ナツメグ/Nutmeg
ナツメグはハンバーグやロールキャベツなどの、ひき肉料理でおなじみのスパイスです。
果実から採れるスパイスですが、利用部位によって名称が「ナツメグ」と「メース」に分かれます。
ナツメグの和名は「肉荳蔲(にくずく)」、メースの別名は「肉荳蔲花(にくずくか)」。別名「Jaiphal(ジャイファル)」「ジャビトゥリ」とも呼ばれています。
そんなナツメグの産地や風味、効能効果とは?
さらに料理での使い方や、ナツメグが欠かせないアメリカの定番ドリンク「エッグノッグ」の作り方もご紹介します。
【産地、特徴、効能効果】ナツメグの全容
【ナツメグの産地】
ナツメグの原産地はインドネシアの島の1つであるモルッカ諸島で、現在も同じ地域で栽培されています。
【ナツメグの原料】
ナツメグは、高さ20mまで生長するニクズク科の常緑樹から採れる「種子の仁」を、メースは「仮種皮」を利用します。
あんずに似た見た目の果実から種子を採取し、その種子を乾燥させたのちに、種子の殻を取り除いたものが「種子の仁」、ナツメグです。

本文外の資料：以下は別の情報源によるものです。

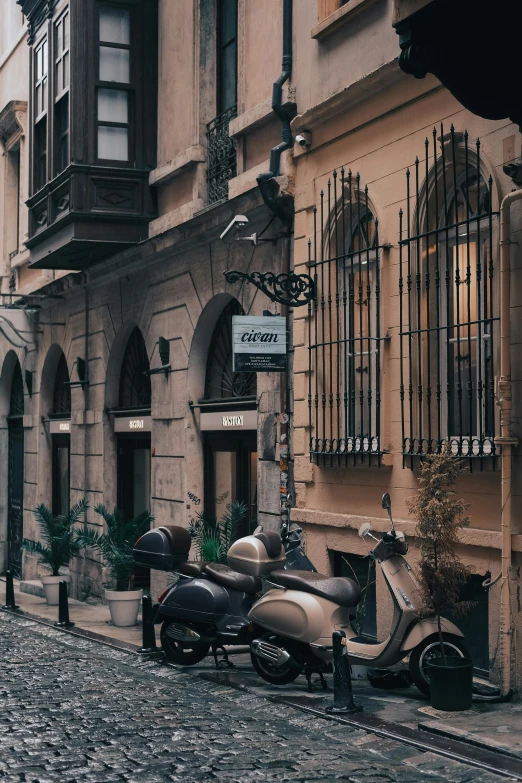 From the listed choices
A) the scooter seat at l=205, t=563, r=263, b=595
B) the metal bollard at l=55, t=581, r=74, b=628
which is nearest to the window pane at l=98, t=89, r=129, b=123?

果実を割ると現れる、深紅色でレース状の「仮種皮」を乾燥させたものが、メースと呼ばれます。
【ナツメグの香り、味】
ナツメグは甘くエキゾチックな芳香が特徴で、味にはほろ苦さがあります。
その芳香は強く、名前も香りが由来。豆を意味する「nut」に、ムスクのような芳香を意味する「meg」を合わせた呼び名です。
メースはナツメグと似た風味ですが、ナツメグよりも繊細に甘く香ります。
【ナツメグの効能効果】
ナツメグは胃腸の動きを活発にすることで腹部膨満感を解消し、吐き気や消化不良を改善させる、といわれています。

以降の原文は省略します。